The best way to beat the heat is to laugh it off. And nobody supplies comic relief better than the Senate Republicans. Their Senate Judiciary Committee members provided some priceless belly laughs yesterday, as they played to their base and went through the motions of attacking Supreme Court nominee Elena Kagan on day one of her confirmation hearings.

It's tough to name the day's biggest howler. Maybe it was Alabaman Jeff Sessions' thrilling expose of a senior thesis that Kagan wrote wayyyy back when she was a student at Princeton, a thesis that (in Sessions' breathless view) "seems to bemoan socialism's demise." Or maybe it was Arizonian John Kyl's lament about how Kagan supposedly embodies the supposedly evil values of "Manhattan's upper West Side" - a place that, at least in Kyl's assessment, is apparently far less American than anywhere in Arizona.

Or maybe it was the way various Republicans seized on Kagan's youthful stint as a clerk to the late Justice Thurgood Marshall, in order to slime Thurgood Marshall as an out-of-the-mainstream liberal. (Brilliant move, white guys! Attacking the civil rights icon who successfully argued Brown v. Board of Education, maligning the lawyer who later became the first African-American to serve on the high court, and whose name now adorns the federal judiciary building located just a few blocks from the Senate hearing room...Maybe this tone-deaf display by the white people's party qualified as the howler of the day.)

But these episodes aside, one theme surfaced repeatedly yesterday. Republicans kept complaining that Kagan was ill-qualified for the high court because she had no judicial experience. For instance, Sessions said, "She has never been a judge...there is no substitute for being in the harness of the law, handling real cases over a period of years." At another point, John Cornyn listed her advisory work in the Clinton White House - "quite a different job than that which she will assume should she be confirmed." At another point, Orrin Hatch groused that past Supreme Court justices "have had experience behind the bench as a judge," whereas Kagan has had no such experience.

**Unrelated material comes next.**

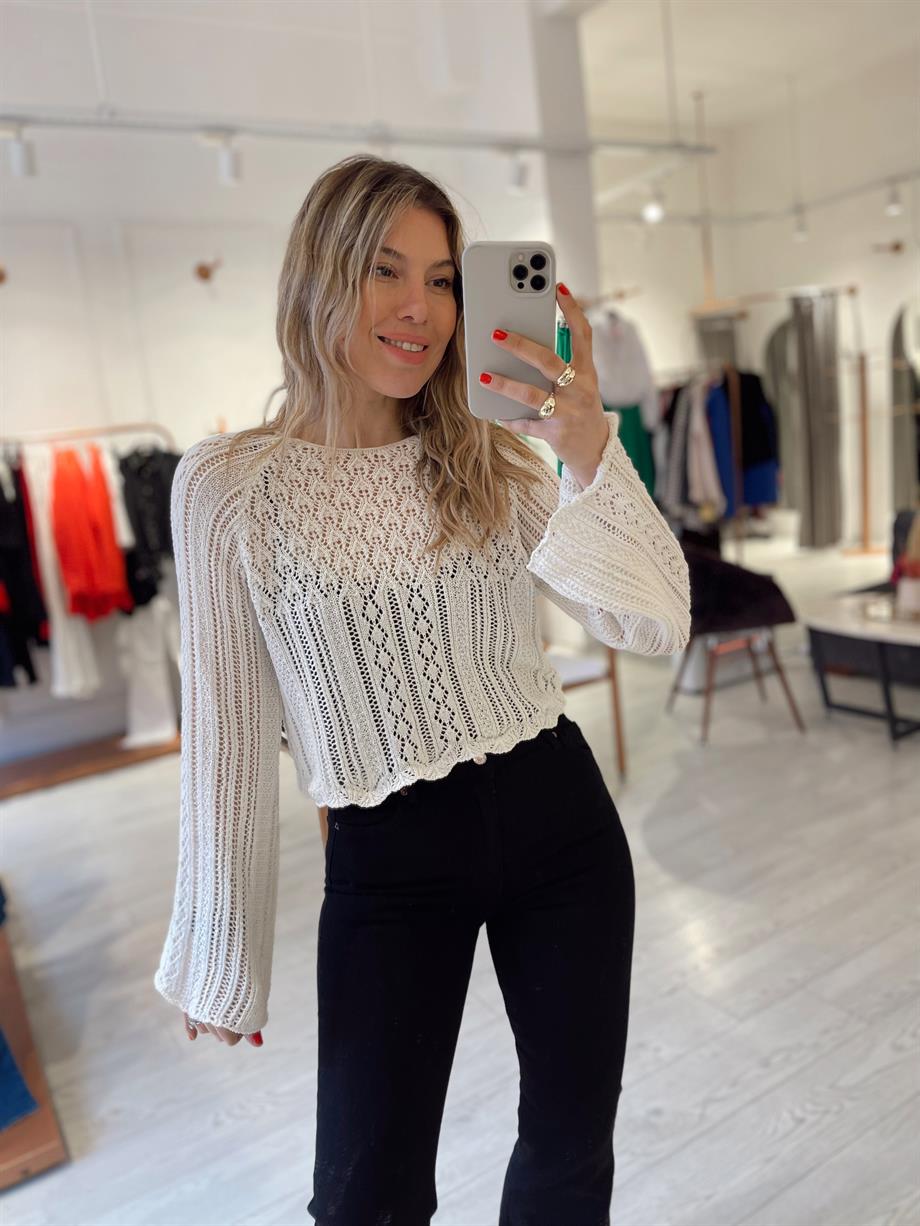 Ham Ekru Delikli Reglan Kol Triko Kazak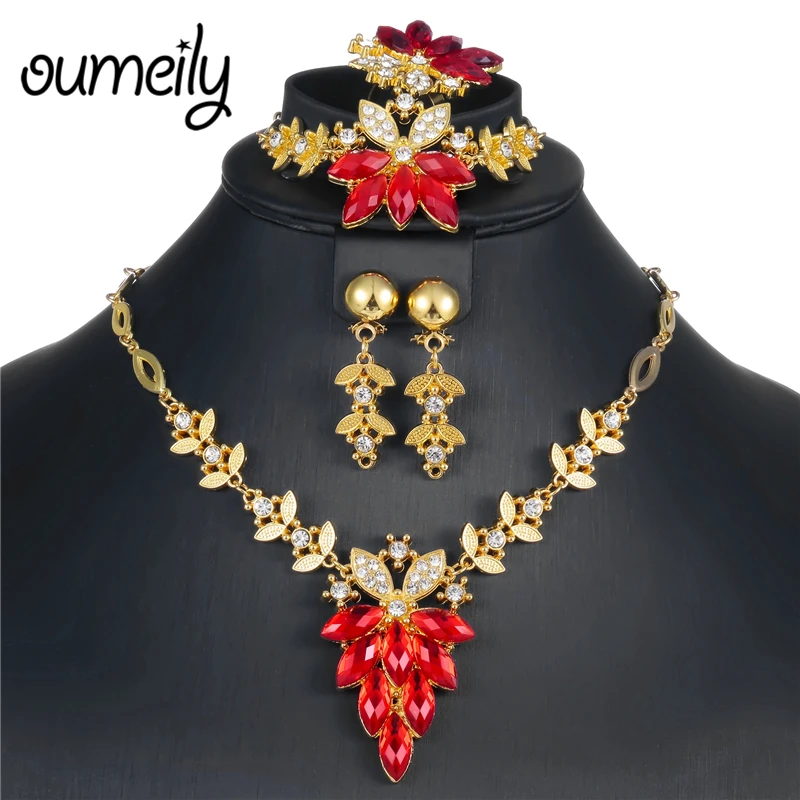

Nigerian Jewelry Sets Women African Wedding Jewelry Sets Gold Color Statement Flower Indian Imitation Crystal Turkish Jewelry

Let's not dwell on the fact that these Republicans seem so ill-informed about American history. Among other examples, William H. Rehnquist had no judicial experience when he was tapped by Ronald Reagan for the high court. Earl Warren had never been a judge when he was tapped by Dwight Eisenhower for the chief justice job. FDR appointees Hugo Black and James Byrnes had no prior judicial experience. And the first great chief justice, John Marshall, whose court has shaped American jurisprudence for more than two centuries, and who fundamentally elevated the judicial branch to equal status with the other two federal branches of government - he had no prior experience as a judge, either.

Let's dwell instead on the heart of the matter: The reason why Kagan has no previous judicial experience is because the Senate Republicans who now complain about her lack of judicial experience are the very people who thwarted her efforts to gain such experience. Orrin Hatch complains that she has never been a judge - but in 1999, when Kagan was tapped to fill a vacant seat on the federal court of appeals, it was Orrin Hatch, as chairman of the Judiciary Committee, who blocked her nomination in the first place.

As the '99 news coverage makes clear, Kagan was nominated that June by President Clinton for a seat on the federal appeals court based in the District of Columbia. She never made it to the Senate floor for a vote. Actually, it was worse than that. She never made it to the Judiciary Committee for a committee vote. Actually, it was worse than that. She never got a chance to testify, because Hatch wouldn't even agree to schedule a hearing. The appeals court seat remained vacant until 2003 - when John Roberts was confirmed to fill it.

Why did the Senate Republicans deny Kagan the chance to gain judicial experience? Why did they let her twist in limbo in 1999 and 2000? Ostensibly, the GOP was concerned about some advice that Kagan may or may not have given to Clinton officials, with respect to a controversial environmental dispute in Oregon; in response, Kagan wrote in a memo, "simple fairness requires giving me the opportunity to clear my name in a hearing." She never got the chance because she never got a hearing.

Actually, the environmental dispute was merely the GOP's excuse for blocking her confirmation. The real reason was spelled out in the '99 news coverage: At the time, the District of Columbia appeals court had 11 judges and one vacancy; there were six GOP appointees and five Democratic appointees. If the Senate Republicans had cleared the way for Kagan's confirmation, they would have lost their 6-5 majority on that crucially important court.

Yet now we have the current Senate Republicans complaining about Kagan's lack of judicial experience. On second thought, maybe that was the howler of the day.